歴史的賃上げの効果

 

 

 

   今年は昨年に続き、大手では大幅な賃上げが実現した。
   その流れは中小企業にまで波及するのか。その効果は日本経済にどのような影響を及ぼすのだろうか?
   
●満額回答
   今年の春闘は、13日、大手企業の集中回答日を迎えた。
   
   昨年を上回る労働組合側からの賃上げ要求に対し、経営側からは満額回答が相次いだ。
   日本製鉄など一部メーカーでは「満額回答超え」も出た。
   
   労働組合の中央組織・連合は、初回集計で賃上げ率は定期昇給込みで5.28%と発表。
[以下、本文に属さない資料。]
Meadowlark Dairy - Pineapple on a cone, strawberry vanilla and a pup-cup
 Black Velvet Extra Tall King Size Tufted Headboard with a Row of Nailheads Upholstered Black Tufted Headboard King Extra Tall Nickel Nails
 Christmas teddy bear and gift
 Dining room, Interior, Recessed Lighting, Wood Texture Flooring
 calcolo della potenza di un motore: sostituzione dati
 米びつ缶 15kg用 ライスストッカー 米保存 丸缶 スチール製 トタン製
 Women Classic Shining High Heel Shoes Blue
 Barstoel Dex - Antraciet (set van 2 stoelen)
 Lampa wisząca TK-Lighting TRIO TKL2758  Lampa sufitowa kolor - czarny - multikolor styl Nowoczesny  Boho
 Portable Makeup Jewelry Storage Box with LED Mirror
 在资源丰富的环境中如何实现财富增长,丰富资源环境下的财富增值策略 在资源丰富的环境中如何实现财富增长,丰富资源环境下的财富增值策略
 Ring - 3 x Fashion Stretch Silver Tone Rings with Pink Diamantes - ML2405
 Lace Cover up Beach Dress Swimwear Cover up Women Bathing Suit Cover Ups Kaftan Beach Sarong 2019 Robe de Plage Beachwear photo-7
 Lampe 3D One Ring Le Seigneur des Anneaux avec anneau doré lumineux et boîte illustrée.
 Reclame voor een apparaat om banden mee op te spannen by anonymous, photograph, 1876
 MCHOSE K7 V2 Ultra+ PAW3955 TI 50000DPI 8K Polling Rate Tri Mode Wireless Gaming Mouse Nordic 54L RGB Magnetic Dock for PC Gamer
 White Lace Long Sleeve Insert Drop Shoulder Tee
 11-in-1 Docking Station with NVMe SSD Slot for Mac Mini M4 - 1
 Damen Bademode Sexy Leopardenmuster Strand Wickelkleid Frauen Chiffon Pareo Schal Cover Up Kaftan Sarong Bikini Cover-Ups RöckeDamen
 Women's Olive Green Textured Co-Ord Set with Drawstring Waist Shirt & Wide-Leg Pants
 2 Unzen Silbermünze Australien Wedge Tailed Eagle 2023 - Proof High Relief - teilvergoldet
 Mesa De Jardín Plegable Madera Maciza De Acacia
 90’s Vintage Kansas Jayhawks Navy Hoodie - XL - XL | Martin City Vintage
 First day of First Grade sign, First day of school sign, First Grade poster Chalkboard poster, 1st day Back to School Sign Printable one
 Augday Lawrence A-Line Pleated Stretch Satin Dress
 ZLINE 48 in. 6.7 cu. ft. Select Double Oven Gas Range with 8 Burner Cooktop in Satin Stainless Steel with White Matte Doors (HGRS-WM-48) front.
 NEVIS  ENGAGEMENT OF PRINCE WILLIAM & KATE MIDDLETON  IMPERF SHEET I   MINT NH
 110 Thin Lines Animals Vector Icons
昨年実績3%を上回る目標として連合が掲げた「5%以上」に届き、労使共闘による歴史的賃上げとなった。
   
   その背景には、①深刻な人手不足と、②好調な企業業績がある。
   
   大手企業の業績は過去最高水準が続いており、経営側がこの水準の賃上げに応じるのは当然の流れだろう。
   
   だが、海外から波及するインフレの影響で、物価上昇分を差し引いた1人当たりの実質賃金は、1月まで22ヶ月前年割れで、購買力は低下している。
   
   GDPの半分以上を占める個人消費は23年10~12月期まで、3期連続となり、物価高が影を落としている。
   消費者物価指数は2024年度も2%台前半の上昇が見込まれている。
   
   実質賃金をしっかりと増加に転じさせ、幅広い働き手の生活を改善する賃上げが必要だ。
   
●中小企業
   今後は賃上げの流れが、日本全体の従業員数の約7割を占めるといわれる中小企業に波及するかが注目だ。
   
   もともと経営体力が乏しい状態で、原材料費の高騰が加わり、厳しい経営を迫られる中小企業にとって、人材確保は必須の課題だ。
   
   賃上げの実現には人件費を含めた適正な価格転嫁が欠かせない。
   だが、調査(東京商工リサーチインターネット、2024年12月)によると、54%の企業が「コスト増加分を十分に価格転嫁できない」と回答。厳しい現実に直面している。
   
   発注側の大手企業が自社だけでなく、取引先の中小企業の環境を整えることが重要だ。
   
●非正規雇用
   労働者のうち、労組に加入するのは2割以下だ。春闘の恩恵を受けられるのはきわめて限られる。労組のない企業や、正社員中心の労組ということもある。
   
   働き手の約4割を占めるといわれる非正規雇用の賃上げはどうなっているのか?
   
   昨年、パートやアルバイトなどの非正規雇用者が個人で加入する労組(ユニオン)が「非正規春闘」を掲げて、各社一律10%の賃上げを求めたが、要求はかなわなかった。
   今年もほとんど組合が「10%以上」の賃上げを要求している。
   
   物価高の影響を一番受けるのは、賃金水準が低い非正規雇用の人たちだ。
   
   一方、春闘に先駆けて、賃上げを実施した会社もある。
   イオンはパートの時給を約7%引き上げる予定だ。ほかにも、旅館、アパレル、飲食店などで、経費の見直しやSNSの活用で売上げを伸ばし、賃上げにつなげた会社もある。
   
●日銀利下げで
   今回の満額回答の背景には、少子高齢化を迎え、深刻化する人手不足がある。人材確保に賃上げが欠かせなくなり、労使共闘となった。
   
   そんな状況で、日銀は、今春闘での高い賃上げ率を評価。物価上昇率2%の目標実現が見通せる状況になったとして、19日、11年間継続してきたマイナス金利解除を決定し、17年ぶりの利上げに踏み切った。
   
   これにより、賃上げと物価上昇が続く「好循環」が生まれるのか。
   賃上げの流れに水をさすことにならないか。
   
   いずれにしても、国民の暮らしが少しでも良くなる方向に向かうことを願いたい。